- _Task to carry out_
While reading the listing below, count how many lines hold the word "bleu", and answer with the number only.

- _Exercise input_
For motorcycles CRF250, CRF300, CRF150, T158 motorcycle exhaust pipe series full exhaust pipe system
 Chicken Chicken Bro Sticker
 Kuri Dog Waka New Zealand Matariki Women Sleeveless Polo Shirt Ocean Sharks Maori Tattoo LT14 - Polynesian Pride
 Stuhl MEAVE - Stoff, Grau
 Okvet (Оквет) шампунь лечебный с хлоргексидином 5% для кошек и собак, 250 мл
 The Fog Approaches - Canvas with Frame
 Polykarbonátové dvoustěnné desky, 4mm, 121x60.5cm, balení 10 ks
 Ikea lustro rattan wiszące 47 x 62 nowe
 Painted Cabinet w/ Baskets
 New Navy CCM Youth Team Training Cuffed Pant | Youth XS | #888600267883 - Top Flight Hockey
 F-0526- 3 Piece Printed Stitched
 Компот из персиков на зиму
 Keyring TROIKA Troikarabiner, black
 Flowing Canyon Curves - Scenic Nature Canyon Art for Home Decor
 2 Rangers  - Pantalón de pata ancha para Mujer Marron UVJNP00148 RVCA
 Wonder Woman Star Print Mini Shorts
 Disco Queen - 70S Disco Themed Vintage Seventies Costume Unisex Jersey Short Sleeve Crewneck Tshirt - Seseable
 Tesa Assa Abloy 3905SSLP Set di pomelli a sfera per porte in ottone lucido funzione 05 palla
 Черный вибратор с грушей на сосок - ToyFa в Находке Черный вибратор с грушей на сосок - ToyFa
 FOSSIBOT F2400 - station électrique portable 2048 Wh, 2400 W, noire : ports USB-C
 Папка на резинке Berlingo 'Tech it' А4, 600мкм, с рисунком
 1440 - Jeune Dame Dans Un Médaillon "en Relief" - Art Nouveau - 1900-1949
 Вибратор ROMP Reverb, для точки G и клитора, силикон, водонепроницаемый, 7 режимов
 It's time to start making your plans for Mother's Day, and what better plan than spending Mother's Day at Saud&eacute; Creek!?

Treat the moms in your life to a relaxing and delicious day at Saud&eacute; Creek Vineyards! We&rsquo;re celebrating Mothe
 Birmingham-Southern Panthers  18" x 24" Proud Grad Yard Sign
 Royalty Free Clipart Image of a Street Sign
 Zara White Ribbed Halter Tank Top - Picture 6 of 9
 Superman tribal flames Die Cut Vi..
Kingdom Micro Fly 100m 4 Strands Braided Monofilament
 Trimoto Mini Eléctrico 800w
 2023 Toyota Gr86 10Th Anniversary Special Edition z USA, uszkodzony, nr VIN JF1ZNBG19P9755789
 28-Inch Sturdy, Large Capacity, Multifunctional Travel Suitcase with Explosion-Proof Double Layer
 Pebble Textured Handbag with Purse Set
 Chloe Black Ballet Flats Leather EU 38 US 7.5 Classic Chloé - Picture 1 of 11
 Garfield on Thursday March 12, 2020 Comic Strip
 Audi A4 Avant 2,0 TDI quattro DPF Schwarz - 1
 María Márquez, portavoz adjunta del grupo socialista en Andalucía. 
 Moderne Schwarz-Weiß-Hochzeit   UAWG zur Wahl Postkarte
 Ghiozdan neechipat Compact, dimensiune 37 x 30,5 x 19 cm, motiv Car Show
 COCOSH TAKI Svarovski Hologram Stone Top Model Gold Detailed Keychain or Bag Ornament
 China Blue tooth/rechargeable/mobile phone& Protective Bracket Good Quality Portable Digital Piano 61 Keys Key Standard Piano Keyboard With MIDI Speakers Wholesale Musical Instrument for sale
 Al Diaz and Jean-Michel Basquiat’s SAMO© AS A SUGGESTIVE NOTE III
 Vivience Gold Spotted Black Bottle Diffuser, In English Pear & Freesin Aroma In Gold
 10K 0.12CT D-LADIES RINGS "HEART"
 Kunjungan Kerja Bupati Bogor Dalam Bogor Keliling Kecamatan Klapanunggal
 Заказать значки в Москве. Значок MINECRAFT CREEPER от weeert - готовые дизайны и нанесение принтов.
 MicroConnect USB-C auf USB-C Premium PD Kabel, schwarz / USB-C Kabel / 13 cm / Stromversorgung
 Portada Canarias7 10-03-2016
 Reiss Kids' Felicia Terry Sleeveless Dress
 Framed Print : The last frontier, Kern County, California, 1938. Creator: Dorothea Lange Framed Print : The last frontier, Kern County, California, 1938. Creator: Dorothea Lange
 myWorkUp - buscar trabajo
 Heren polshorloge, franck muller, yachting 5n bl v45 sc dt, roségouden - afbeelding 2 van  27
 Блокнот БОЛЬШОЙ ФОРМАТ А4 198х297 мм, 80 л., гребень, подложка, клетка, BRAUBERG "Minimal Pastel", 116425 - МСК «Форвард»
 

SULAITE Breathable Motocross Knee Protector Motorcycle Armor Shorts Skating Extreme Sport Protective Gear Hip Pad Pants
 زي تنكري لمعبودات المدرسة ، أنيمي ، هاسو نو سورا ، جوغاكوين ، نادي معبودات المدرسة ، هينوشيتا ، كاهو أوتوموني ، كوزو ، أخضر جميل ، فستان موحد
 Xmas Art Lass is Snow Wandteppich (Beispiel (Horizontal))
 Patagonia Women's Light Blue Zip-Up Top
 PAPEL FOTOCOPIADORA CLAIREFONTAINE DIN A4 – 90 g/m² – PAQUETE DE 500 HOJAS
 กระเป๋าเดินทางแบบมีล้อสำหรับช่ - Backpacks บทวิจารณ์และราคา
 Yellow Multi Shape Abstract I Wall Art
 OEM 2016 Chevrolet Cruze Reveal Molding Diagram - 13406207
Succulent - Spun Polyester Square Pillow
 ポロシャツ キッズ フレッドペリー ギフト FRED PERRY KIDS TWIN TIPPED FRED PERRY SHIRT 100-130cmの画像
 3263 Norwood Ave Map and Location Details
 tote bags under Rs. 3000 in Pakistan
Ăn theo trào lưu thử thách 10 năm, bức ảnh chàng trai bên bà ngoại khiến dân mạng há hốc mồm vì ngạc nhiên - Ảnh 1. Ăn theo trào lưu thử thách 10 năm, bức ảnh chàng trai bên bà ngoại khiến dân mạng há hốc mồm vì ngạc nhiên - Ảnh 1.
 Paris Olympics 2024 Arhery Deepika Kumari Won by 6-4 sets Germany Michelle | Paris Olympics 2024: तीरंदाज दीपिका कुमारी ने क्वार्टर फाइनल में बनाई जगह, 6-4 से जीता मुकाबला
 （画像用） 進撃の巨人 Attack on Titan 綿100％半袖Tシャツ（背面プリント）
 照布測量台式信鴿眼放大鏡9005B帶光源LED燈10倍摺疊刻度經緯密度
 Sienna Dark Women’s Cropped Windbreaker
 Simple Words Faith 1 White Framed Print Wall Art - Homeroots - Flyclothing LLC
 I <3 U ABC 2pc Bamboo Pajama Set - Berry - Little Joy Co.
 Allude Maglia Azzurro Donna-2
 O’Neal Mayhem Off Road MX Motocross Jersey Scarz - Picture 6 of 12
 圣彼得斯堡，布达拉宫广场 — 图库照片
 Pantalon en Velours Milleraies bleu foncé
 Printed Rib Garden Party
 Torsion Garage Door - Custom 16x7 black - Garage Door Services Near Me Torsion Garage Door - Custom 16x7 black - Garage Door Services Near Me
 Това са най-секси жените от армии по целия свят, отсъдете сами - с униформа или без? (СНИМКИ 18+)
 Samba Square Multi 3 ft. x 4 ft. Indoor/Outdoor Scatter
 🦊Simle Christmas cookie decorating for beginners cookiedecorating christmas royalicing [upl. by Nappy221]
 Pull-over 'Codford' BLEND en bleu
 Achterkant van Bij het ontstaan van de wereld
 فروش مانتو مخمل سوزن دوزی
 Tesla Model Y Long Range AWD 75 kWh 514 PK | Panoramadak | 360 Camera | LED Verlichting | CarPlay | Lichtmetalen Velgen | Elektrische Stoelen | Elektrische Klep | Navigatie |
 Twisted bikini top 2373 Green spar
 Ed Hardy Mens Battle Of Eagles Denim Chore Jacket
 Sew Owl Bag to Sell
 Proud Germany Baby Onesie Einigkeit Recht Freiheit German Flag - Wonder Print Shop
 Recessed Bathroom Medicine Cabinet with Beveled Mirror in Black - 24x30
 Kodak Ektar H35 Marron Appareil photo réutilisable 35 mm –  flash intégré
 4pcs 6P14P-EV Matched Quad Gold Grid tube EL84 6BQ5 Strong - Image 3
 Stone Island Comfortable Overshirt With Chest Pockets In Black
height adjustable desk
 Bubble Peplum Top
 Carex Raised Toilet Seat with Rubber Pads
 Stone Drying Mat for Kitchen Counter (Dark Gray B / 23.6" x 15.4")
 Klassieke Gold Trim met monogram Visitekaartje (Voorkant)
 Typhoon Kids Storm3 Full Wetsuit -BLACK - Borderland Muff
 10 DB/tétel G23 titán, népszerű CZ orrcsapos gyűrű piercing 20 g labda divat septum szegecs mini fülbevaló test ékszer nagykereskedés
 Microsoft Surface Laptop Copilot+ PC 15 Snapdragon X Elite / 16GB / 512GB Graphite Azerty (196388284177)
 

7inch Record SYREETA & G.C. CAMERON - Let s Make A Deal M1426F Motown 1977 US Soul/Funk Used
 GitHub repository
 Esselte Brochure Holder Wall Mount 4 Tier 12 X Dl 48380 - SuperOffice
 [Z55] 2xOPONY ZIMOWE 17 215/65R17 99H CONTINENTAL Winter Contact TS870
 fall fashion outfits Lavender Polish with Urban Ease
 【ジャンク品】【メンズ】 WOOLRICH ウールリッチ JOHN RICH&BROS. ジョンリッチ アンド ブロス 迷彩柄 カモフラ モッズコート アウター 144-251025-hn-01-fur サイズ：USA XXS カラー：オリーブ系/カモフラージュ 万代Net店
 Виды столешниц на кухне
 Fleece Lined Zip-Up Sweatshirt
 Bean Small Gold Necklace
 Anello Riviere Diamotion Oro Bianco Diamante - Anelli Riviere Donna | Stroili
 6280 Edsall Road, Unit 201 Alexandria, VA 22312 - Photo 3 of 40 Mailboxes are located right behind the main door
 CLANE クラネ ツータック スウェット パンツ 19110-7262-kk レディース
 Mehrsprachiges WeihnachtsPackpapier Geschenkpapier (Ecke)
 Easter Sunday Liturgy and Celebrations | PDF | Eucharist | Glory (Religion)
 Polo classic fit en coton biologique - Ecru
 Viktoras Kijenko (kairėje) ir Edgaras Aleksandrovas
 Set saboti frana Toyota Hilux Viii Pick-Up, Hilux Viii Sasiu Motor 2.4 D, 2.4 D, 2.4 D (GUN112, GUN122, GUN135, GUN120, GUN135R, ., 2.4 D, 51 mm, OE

- _Exercise output_
2